How Do Public Tenders Work?

Whether you want to bid on a government project or purchase a public service, you will need to know how public tenders work in Kenya. This article will explain the process and rules for public tenders and provide the background information you need to comply with section 217 of the Constitution. Here are some common questions to ask yourself:

How Do Public Tenders Work?

Public tenders

Public tenders are processes by which public sector organizations advertise their requirements. They use public funds to fund these processes and are committed to achieving the greatest value for money. By releasing contract notices to the market, they promote free and open competition. Public tenders also benefit the public. But how do public tenders work? Read on to find out. Read on to find out more about public tenders and how to participate in one. Hopefully, these tips will be useful in the future.


The government of Macau has proposed new rules for public tenders in order to promote competition. Previously, public tenders required minimum threshold amounts, but since inflation and the increase in construction costs in Macau, these requirements are no longer relevant. As a result, the government has introduced new rules that allow contractors to submit their proposals for public works. These new rules should be enforceable to ensure that public contractors can win the contracts. However, it is important to note that these rules will not prevent the government from imposing excessive requirements.


There are different processes for public tenders. These can be open or closed. The selection stage can be separate from the full tender process and is known as the pre-qualification stage. This stage gathers information about the bidder's business and allows the buyer to verify that it meets the required criteria. This information can then be used to progress the tender or invite it to the next stage, the Invitation to Tender.

Compliance with section 217 of the Constitution

Section 217 of the Constitution requires that all national, provincial, and other institutions to procure goods and services in a fair, transparent, competitive, and cost-effective manner. While the Constitution may seem to divide procurement into two categories, it is clear that the term "construction" should be broad enough to include both demolition and rehabilitation. This is a particularly important consideration in the context of construction procurement. This article examines the implications of a broad construction procurement definition in light of section 217.

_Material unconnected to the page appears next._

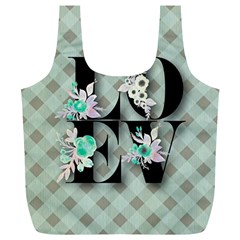 Rustic Love Full Print Recycle Bags (L)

Common mistakes made by respondents to public tenders

Respondents to public tenders should follow certain guidelines when responding to a solicitation. They should not try to bargain with the evaluator or discuss the selection procedure with other respondents during the break time. Respondents should direct their questions to the Procurement and Contracts Department. These interactions create a risk to the procurement process. Innocent comments made by respondents during the evaluation process can result in protests, lawsuits, and cancellation of the solicitation.